Então, há muita segurança nas informações técnicas que a Petrobras produziu, que o serviço geológico brasileiro também tem à disposição. São aqueles velhões, no melhor sentido da palavra, que são da geologia brasileira, que conhecem profundamente e que sonham com o que pode acontecer aqui. Está se falando, Caio, em um segundo pré-sal. Isso já é muito, não é qualquer coisa.

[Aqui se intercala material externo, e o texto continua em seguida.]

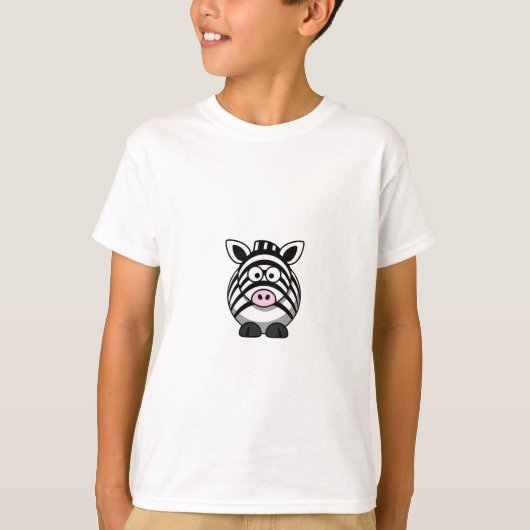 Niedlicher CartoonZebra Clipart T-Shirt (Vorderseite)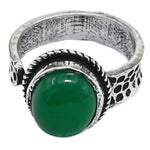 Green Aventurine Onyx Ring (Silver/Oval)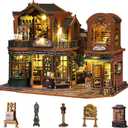 Plustopoy DIY Miniature House Kit for Adults, Mini Wooden Dollhouse Kit, Book Shop Tiny House Diorama Building Kits with Light, 3D Wooden Puzzles Bookend Shelf Insert Decor, Creative Craft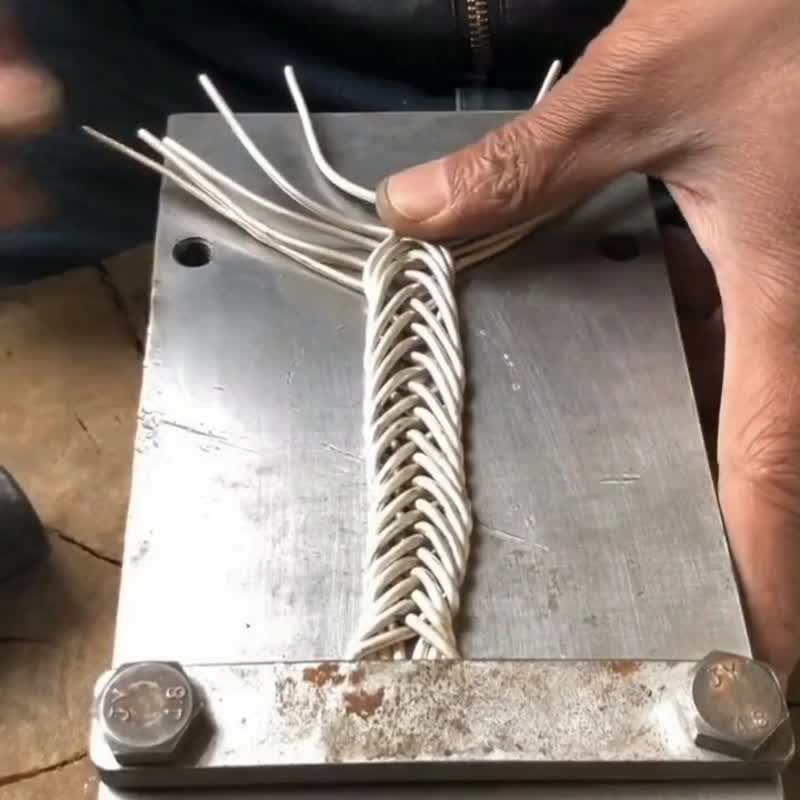 手工纯银水流纹编织手环 - 手链/手环 - 纯银 银色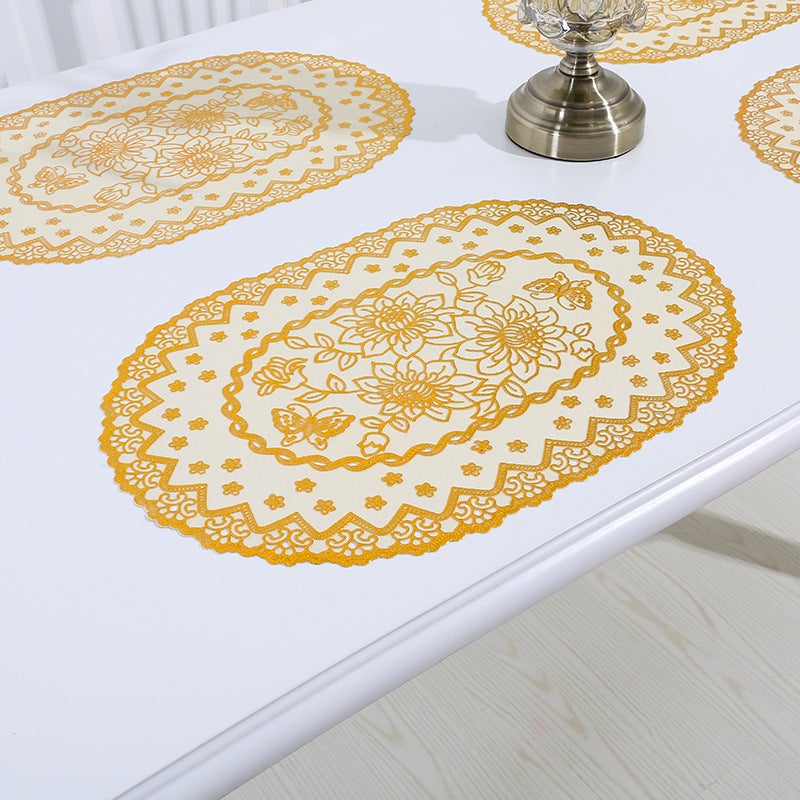 European Style Pvc Heat Insulated Western Dining Mat Household Bronzing Wash-Free Rectangular Dinner Plate Coffee Table Mat Non-Slip Dining Mat - Image 1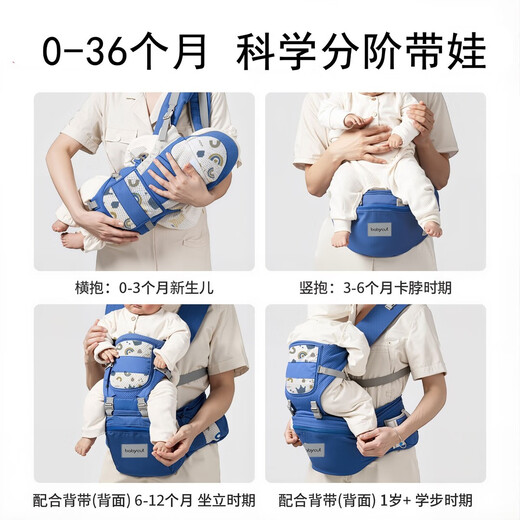 Joyncleon (Joyncleon) Babygurt Taillenhocker Zwei-in-Eins-atmungsaktiven vierjährigen Baby-Multifunktional-sitzende Sitzbank mit Baby-Holding-Artefakt [verbessert] Grau [geeignet für 4-36 Monate]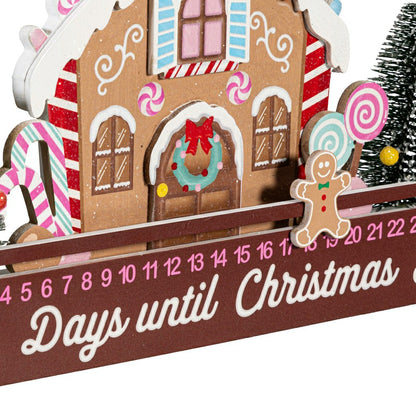 Sugar & Stripes Bright Table Décor Gingerbread House Christmas Countdo | Plow & Hearth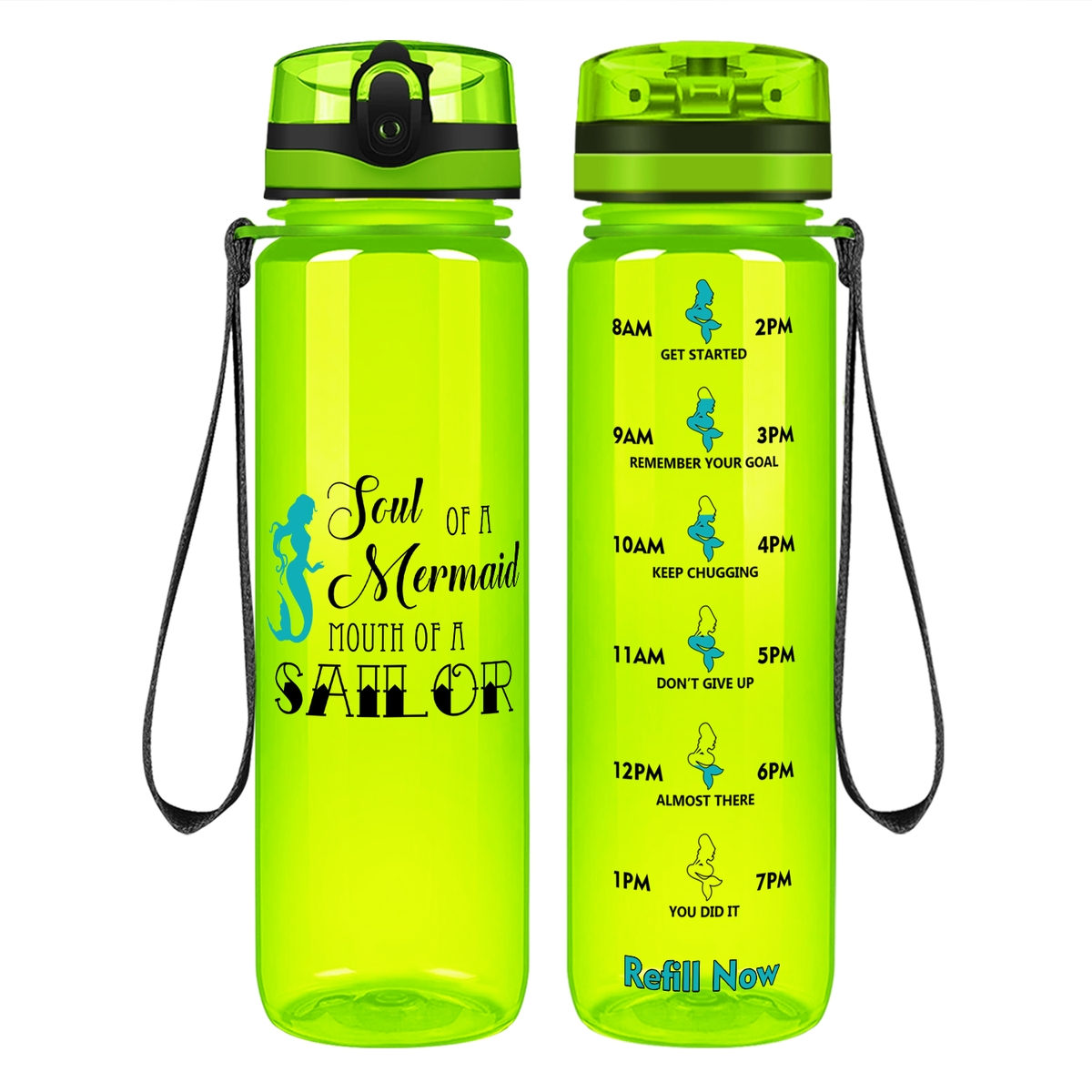 Mouth of a Sailor on 32 oz Motivational Tracking Water Bottle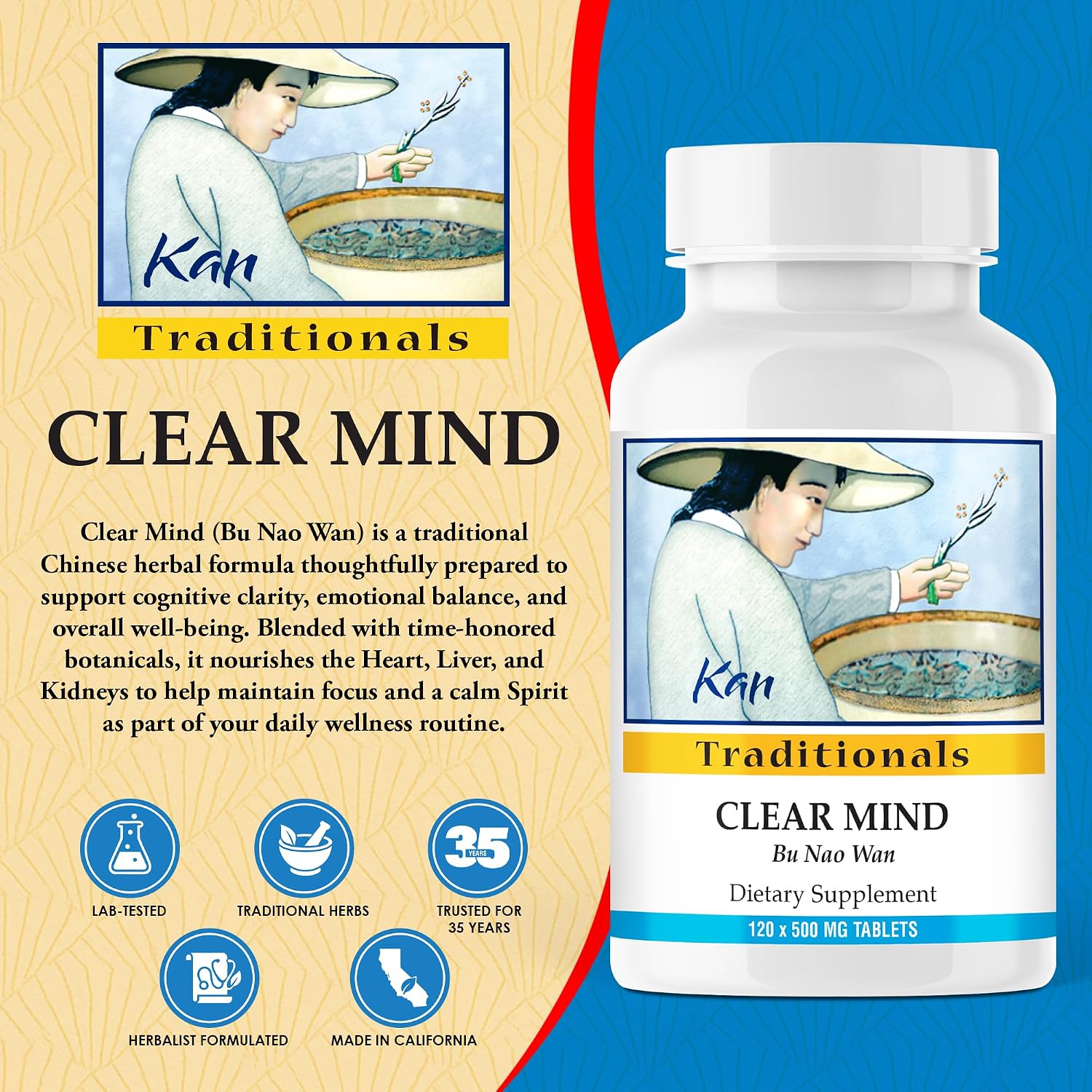 Kan Herbs Company Clear Mind Formula – Traditional Chinese Herbal Blend for Cognitive Clarity and Spirit Support, 120 Tablets - görsel 2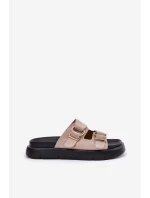 Dámské Sametové Sandały S Dekorativními Přezkami Big Star RR274659 Světle Růžové Dámské Sametové Sandały S Dekorativními Přezkami Big Star RR274659 Světle Růžové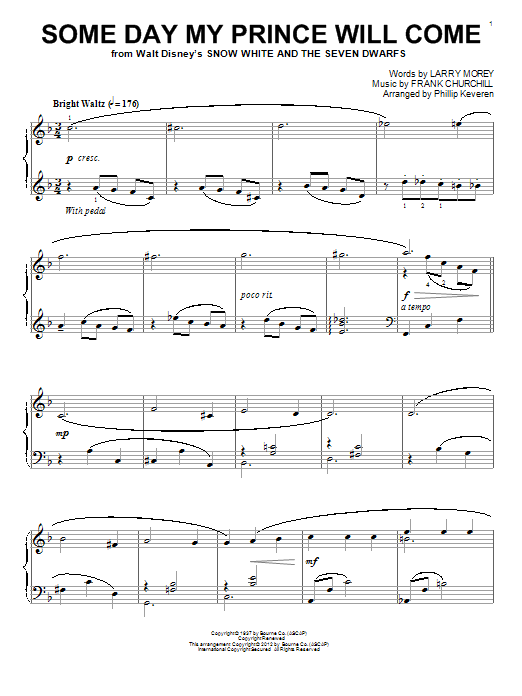 Frank Churchill Some Day My Prince Will Come [Classical version] (arr. Phillip Keveren) Sheet Music Notes & Chords for Piano Solo - Download or Print PDF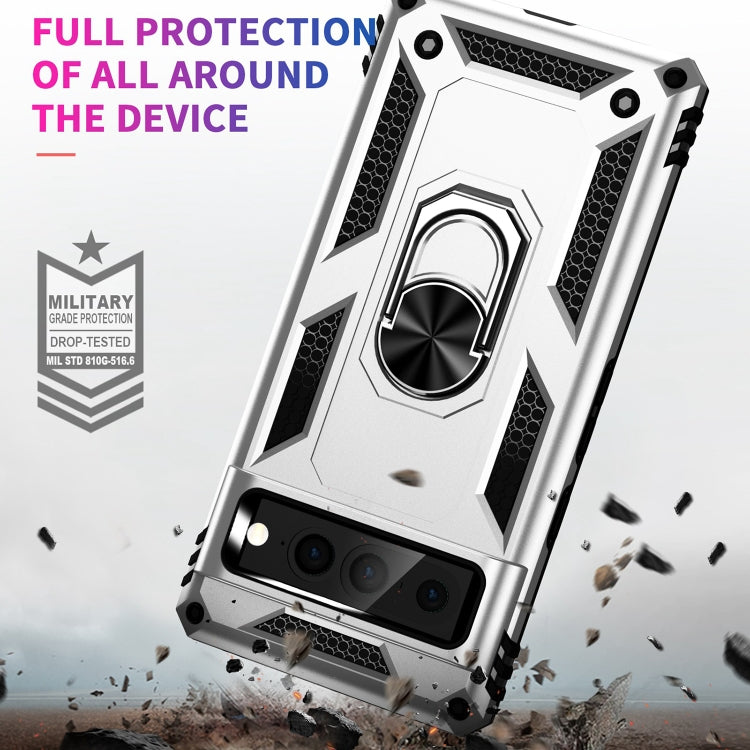 For Google Pixel 7 Pro Shockproof TPU + PC Protective Case with 360 Degree Rotating Holder(Silver)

Agora, tu imagina que é o segundo pré-sal em um momento em que o pré-sal está quase atingindo o seu ápice. Vai começar a ter uma curva de declínio da produção. Então, volta de novo para aquela situação. Isso é fundamental para o Brasil. Se é para o Brasil, imagina para nós aqui, no extremo norte do Brasil.
O senhor quer colocar mais alguma coisa?
Eu acho que é importante, como eu estou desde dezembro discutindo isso, é natural que eu até me empolgue. Eu sou um entusiasta, primeiro da pesquisa, depois da pesquisa, tendo os resultados, aí a decisão de se produzir ou não. Ao meu ver, tem que ser tomada em um patamar estratégico, não pode ser tomada em uma mesa, em uma comissão ou num segmento, é uma decisão estratégica que tem que levar em consideração riscos ambientais, potencialidades, as equivalências de se produzir petróleo no extremo norte do Brasil.
Enfim, para tomar decisão à altura do que é ter produção de petróleo e gás na Amazônia brasileira, na Amazônia azul, porque nós estamos falando do Oceano Atlântico, e que seja uma decisão baseada em estudos e pesquisas sérias. É o que nós estamos propondo que aconteça. Eu não quero que faça de qualquer jeito, de forma alguma.
Eu, como governador, quero ter também a segurança de que produzir petróleo vai ser bom sob todos os aspectos. Eu vou repetir como eu comecei a minha fala: nós não queremos diminuir nossos indicadores ambientais, isso é um orgulho para a gente. Mas nós queremos que esses indicadores ambientais puxem os nossos indicadores sociais e econômicos, porque o povo que mora aqui, no extremo norte do Brasil, está acima da linha do Equador, tem o direito a se desenvolver também.